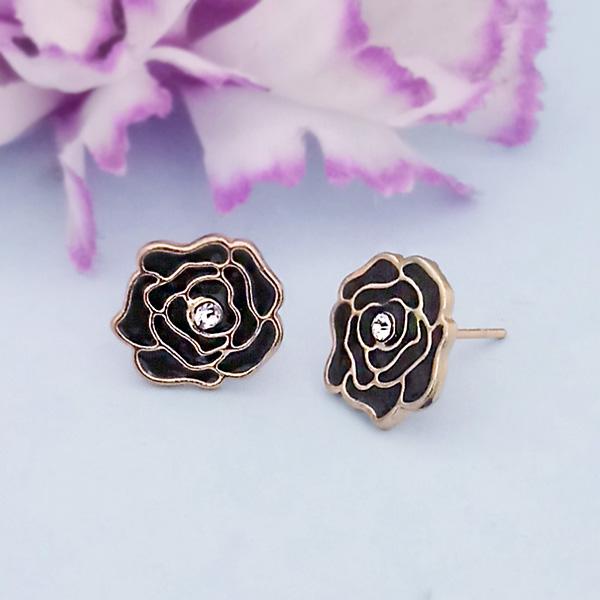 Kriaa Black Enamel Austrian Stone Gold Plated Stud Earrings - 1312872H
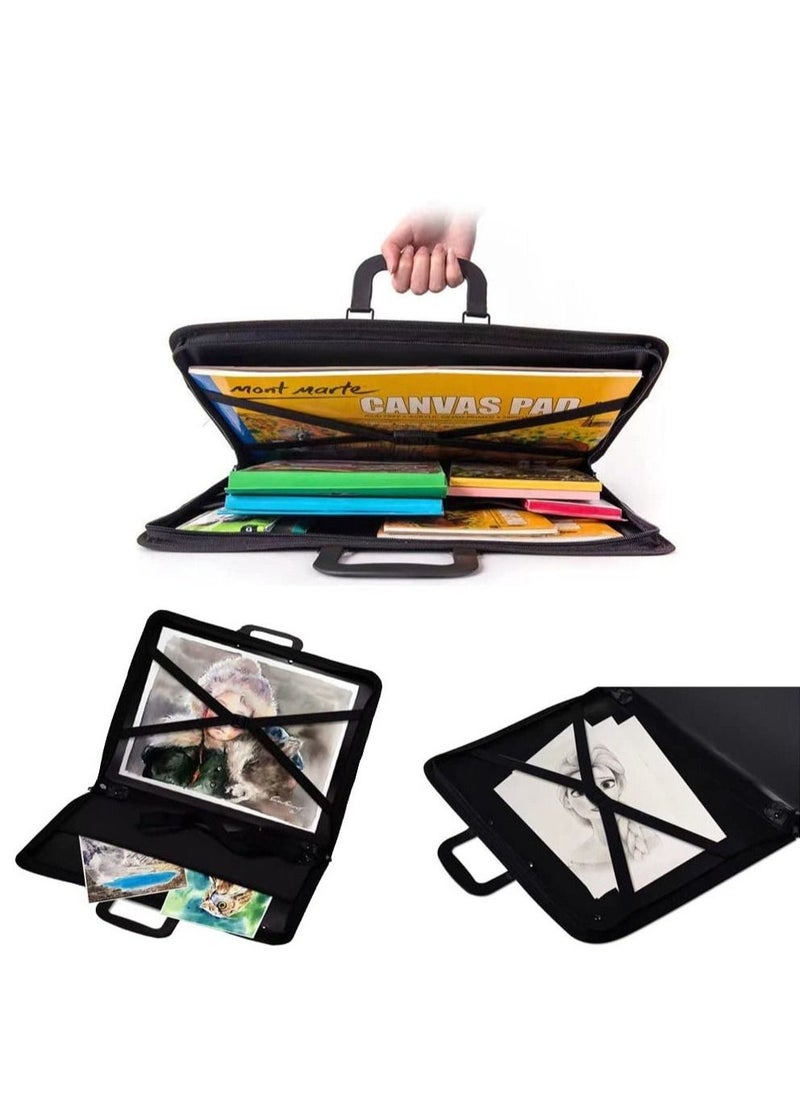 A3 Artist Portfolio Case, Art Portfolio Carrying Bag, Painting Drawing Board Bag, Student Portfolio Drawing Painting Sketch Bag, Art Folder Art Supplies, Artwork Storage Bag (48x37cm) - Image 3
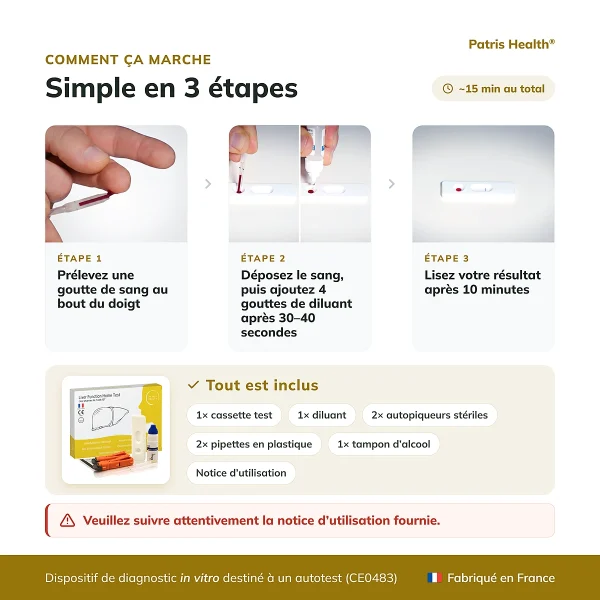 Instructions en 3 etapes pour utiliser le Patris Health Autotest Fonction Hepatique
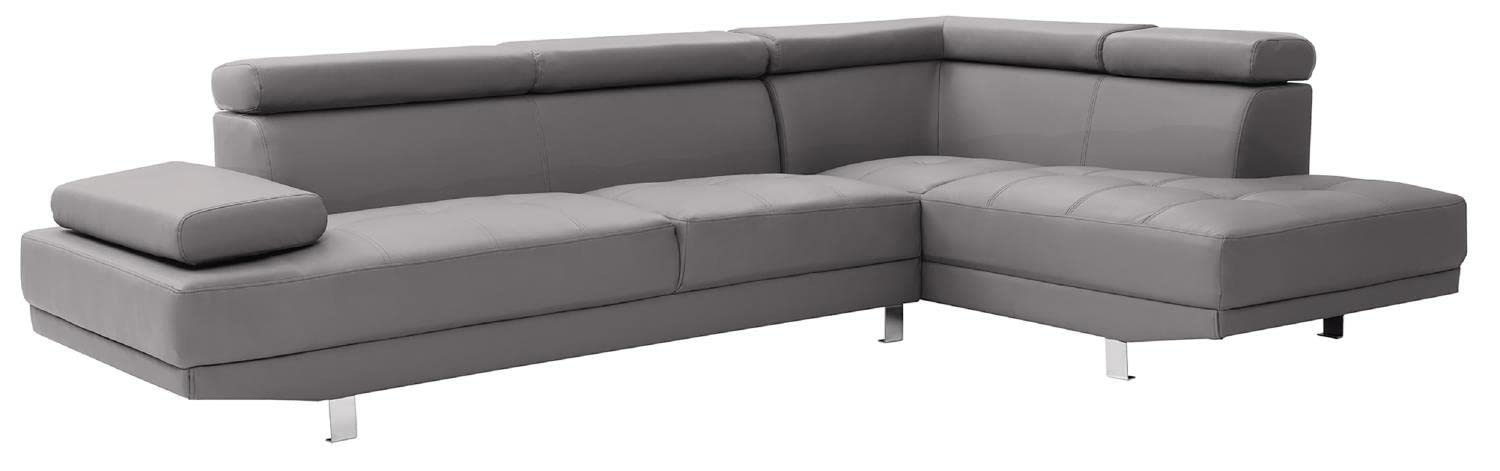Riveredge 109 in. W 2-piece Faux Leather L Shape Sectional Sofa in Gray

* * *

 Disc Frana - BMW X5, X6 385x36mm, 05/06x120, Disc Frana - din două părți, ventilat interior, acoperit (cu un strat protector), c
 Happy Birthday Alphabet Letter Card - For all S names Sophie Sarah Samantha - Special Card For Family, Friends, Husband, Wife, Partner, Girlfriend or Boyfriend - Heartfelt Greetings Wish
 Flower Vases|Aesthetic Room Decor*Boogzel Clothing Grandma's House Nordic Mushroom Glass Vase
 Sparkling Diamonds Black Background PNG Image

---

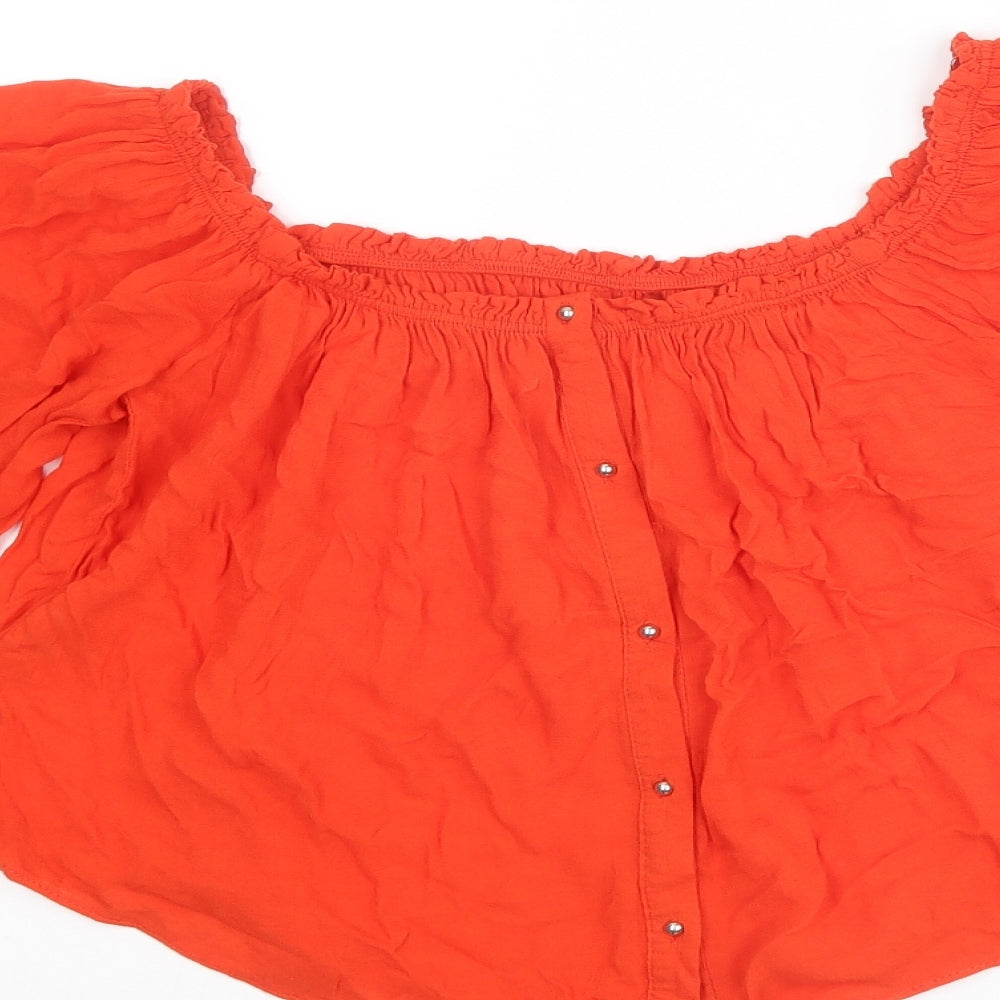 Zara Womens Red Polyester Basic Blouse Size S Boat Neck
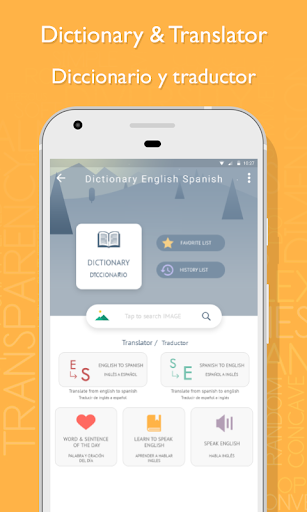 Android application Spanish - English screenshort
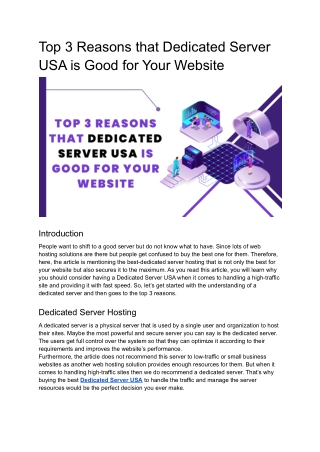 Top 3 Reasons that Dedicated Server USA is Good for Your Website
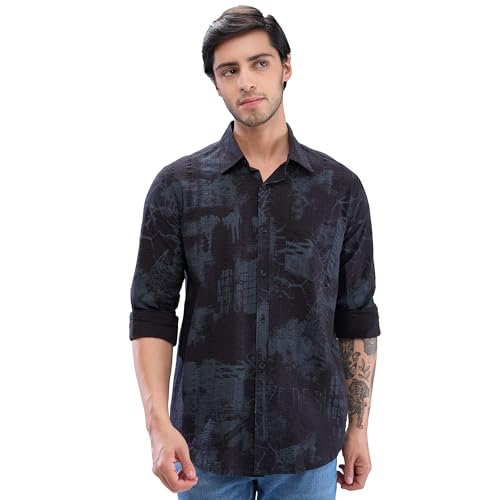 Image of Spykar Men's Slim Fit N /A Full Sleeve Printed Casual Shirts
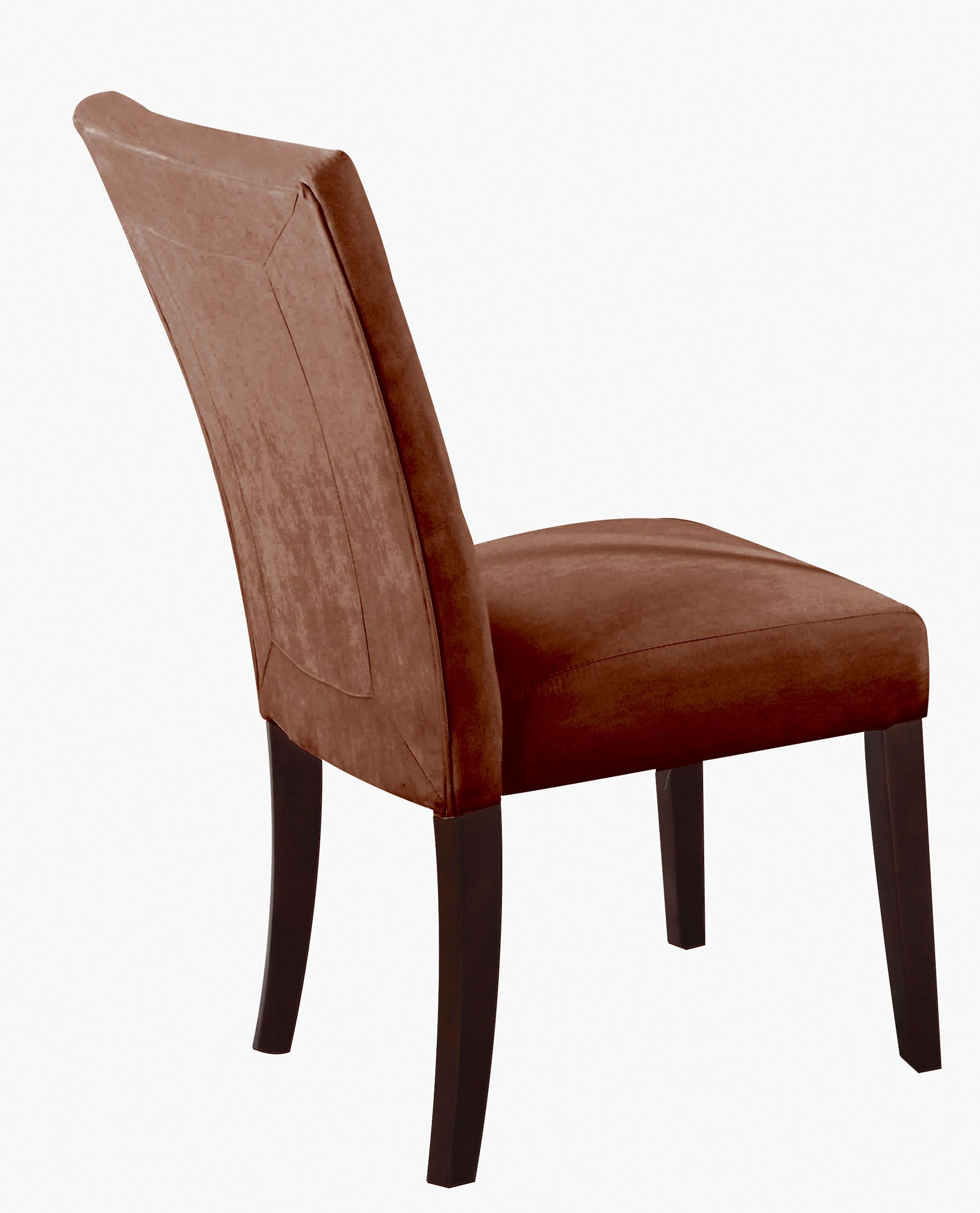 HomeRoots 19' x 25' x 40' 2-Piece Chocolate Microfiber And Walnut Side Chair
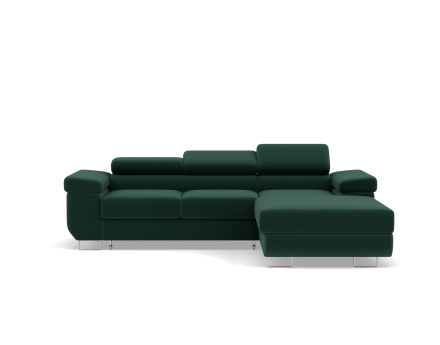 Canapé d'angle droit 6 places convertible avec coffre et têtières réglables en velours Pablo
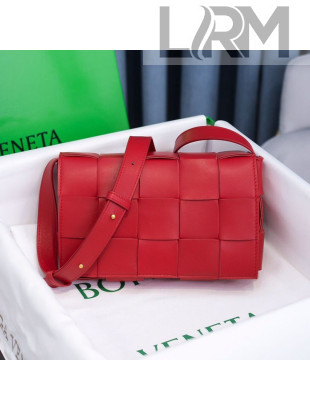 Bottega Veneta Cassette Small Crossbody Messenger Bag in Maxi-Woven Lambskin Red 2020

→ THE TASK
Reproduce the listing above from the line that holds "Zara Womens Red" through the line that holds "Canapé d'angle droit", both included, with the pictures left out.

→ RESPONSE AREA
 Zara Womens Red Polyester Basic Blouse Size S Boat Neck
 Android application Spanish - English screenshort
 Top 3 Reasons that Dedicated Server USA is Good for Your Website
 Image of Spykar Men's Slim Fit N /A Full Sleeve Printed Casual Shirts
 HomeRoots 19' x 25' x 40' 2-Piece Chocolate Microfiber And Walnut Side Chair
 Canapé d'angle droit 6 places convertible avec coffre et têtières réglables en velours Pablo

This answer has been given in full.